27TH ALNAP MEETING
CHENNAI, INDIA
Background Paper
- Introduction
Urbanisation is a social phenomenon and a physical transformation of landscapes that has been described as ‘one of the most powerful, irreversible, and visible anthropogenic forces on Earth’ (IHDP, 2005). It may well amount to the most significant change in human civilisation since the coming of agriculture. The total urban population, which stood at just 10 per cent of the global population at the start of the 20th century, has in the past few years reached an unprecedented 50 per cent (UN, 2005). This much-reported event has been described as an irreversible tipping point (Crane and Kinzig, 2005) - the threshold of a new ‘urban millennium’ (UNFPA, 2007). Much of the available data indicates that urbanisation will continue at a scale and speed that redefines our relationship with each other and with the planet. (IHDP, 2005).

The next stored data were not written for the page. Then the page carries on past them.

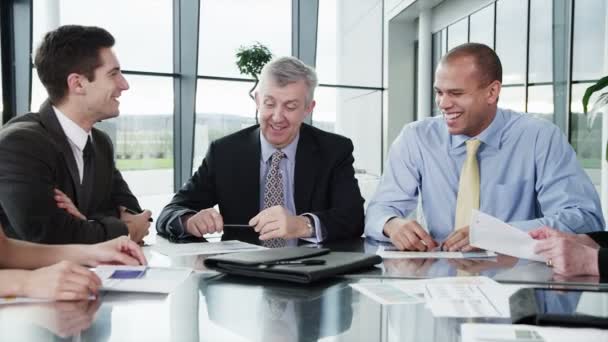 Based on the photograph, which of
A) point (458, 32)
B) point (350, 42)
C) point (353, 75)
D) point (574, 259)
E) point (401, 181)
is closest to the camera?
point (574, 259)

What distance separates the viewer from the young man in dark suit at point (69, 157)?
2021 mm

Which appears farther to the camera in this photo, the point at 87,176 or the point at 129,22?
the point at 129,22

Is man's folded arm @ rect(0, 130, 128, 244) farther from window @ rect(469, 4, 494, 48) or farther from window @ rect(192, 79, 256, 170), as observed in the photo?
window @ rect(469, 4, 494, 48)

• In 1900 there were 16 cities around the world with populations of 1 million or more people, a lmost entirely in developed countries. By 2000, there were 400 cities with populations of more than 1 million around the world, three quarters of which were in developing countries (UN, 2005).
• By 2030, the global population will stand at 9 billion, and the global urban population will account for up to 60 per cent of this figure (ibid). Almost all population growth in the next 30 years will take place in urban settings. To put this shift into perspective, there will be almost twice as many people living in cities 2030 as there were people living on the planet in 1970.
• Most of this urban growth will be in small and medium-sized cities rather than mega-cities, with about half of the world’s urban population residing in cities of 500,000 people or fewer. (UNHABITAT, 2009) These teeming cities will account for up to 90 per cent of all global economic activity (UN, 2005)
• In terms of sheer numbers, Asia will continue to house the largest number of people in its towns and cities. Africa, although the least urbanised continent today, will become home to 1.2 billion urban dwellers by 2050, with a significant youth majority (ibid).